Exercise directions: Output every line of the listing, exactly and completely.

Records to process:
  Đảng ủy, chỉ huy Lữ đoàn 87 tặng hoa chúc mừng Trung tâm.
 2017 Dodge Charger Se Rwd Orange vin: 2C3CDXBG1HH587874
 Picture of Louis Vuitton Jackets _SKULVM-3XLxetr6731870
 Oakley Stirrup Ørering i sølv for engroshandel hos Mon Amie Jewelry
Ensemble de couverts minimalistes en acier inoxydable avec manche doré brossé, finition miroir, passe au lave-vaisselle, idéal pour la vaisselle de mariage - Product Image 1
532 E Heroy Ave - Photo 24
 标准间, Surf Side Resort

Finished task:
  Đảng ủy, chỉ huy Lữ đoàn 87 tặng hoa chúc mừng Trung tâm.
 2017 Dodge Charger Se Rwd Orange vin: 2C3CDXBG1HH587874
 Picture of Louis Vuitton Jackets _SKULVM-3XLxetr6731870
 Oakley Stirrup Ørering i sølv for engroshandel hos Mon Amie Jewelry
Ensemble de couverts minimalistes en acier inoxydable avec manche doré brossé, finition miroir, passe au lave-vaisselle, idéal pour la vaisselle de mariage - Product Image 1
532 E Heroy Ave - Photo 24
 标准间, Surf Side Resort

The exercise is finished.